Tampa Bay Times by Tony Marrero
April 22, 2021
TAMPA — A Florida court ruling allowing officers to keep their names secret from the public is reverberating across state law enforcement agencies and sparking calls for the Legislature to act.
The recent appellate court decision comes as a succession of deadly police encounters nationwide fuels calls for greater transparency. Critics of the ruling include some local law enforcement leaders, who say it takes Florida in the wrong direction and shields officers from scrutiny.
Withholding officers’ names creates a sweeping new exemption in Florida’s public records laws and prevents the public and media watchdogs from looking for troubling patterns in the personnel files of police who use force on the job, said Pamela Marsh, president of Florida’s First Amendment Foundation.

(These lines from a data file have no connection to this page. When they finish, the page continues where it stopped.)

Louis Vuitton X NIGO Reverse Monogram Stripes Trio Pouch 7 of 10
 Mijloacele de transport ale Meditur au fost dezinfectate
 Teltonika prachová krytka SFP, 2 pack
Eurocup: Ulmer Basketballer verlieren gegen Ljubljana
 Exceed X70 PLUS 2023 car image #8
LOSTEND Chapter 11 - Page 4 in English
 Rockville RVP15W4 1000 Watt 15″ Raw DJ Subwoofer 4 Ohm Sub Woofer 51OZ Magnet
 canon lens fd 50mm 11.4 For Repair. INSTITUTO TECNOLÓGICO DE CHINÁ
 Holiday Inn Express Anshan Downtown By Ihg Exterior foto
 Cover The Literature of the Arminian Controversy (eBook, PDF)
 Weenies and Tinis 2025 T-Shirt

This includes incidents like those found in the files of Derek Chauvin — the former Minneapolis police officer convicted this week for the murder of George Floyd.
Floyd’s death happened in broad daylight, with officer body cameras rolling and witnesses recording on mobile phones. The public should worry about interactions not so well-documented, Marsh said.
“I think if a similar situation happened in Florida right now, if there had been no one on the street with a camera, if it had happened in the dark and no one had filmed it, we wouldn’t know the officer’s identity at all,” Marsh said.
The unanimous ruling this month by the First District Court of Appeals extended the reach of Amendment 6, better known as Marsy’s Law. The amendment was approved by Florida voters in 2018 with the intent to protect the identity of crime victims, among other rights.